Design  We implanted sphere-templated porous poly-(HEMA) and HDPPE disks into the dorsal subcutis of C57BL/6 mice for 4 and 9 weeks. Excisional biopsy specimens of the implants and surrounding tissue were assessed for host inflammatory response, tissue ingrowth, and neovascularization using trichrome, picrosirius red, and anti–endothelial cell antibody staining.
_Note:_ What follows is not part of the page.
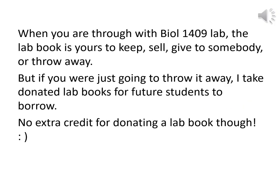When you are through with Biology 1408 and 1409 labs, the lab book is yours — keep it, sell it, give it to somebody, or throw it away. But if you were just going to throw it away, I do take donated books for future students to borrow — usually students with financial need or who took 1408 on a different campus and had to buy another book. No extra credit for donating a lab book, it's just out of the goodness of your heart. If you could give it to your instructor or leave it in SSCI 1212, that would be great.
Results  The poly(HEMA) and HDPPE implants showed resistance to extrusion and elicited a minimal inflammatory response. Both implants supported cellular and collagen ingrowth, but ingrowth within the HDPPE implant was thicker owing to the larger porous structure (>100 μm) of HDPPE, whereas the poly(HEMA) implant had much thinner collagen fibrils within much smaller (40-μm) pores, suggestive of less scar-type reaction. Neovascularization was supported by both implants. Blood vessels were identified within the fibrous ingrowth of the HDPPE and within individual pores of the poly(HEMA).

Conclusions  Sphere-templated poly(HEMA) implanted as a subcutaneous tissue scaffold stimulates a minimal inflammatory response and supports cellular infiltration, collagen formation, and neovascularization. Because of its tightly controlled porous structure, poly-(HEMA) appears to induce less scar-type ingrowth compared with HDPPE.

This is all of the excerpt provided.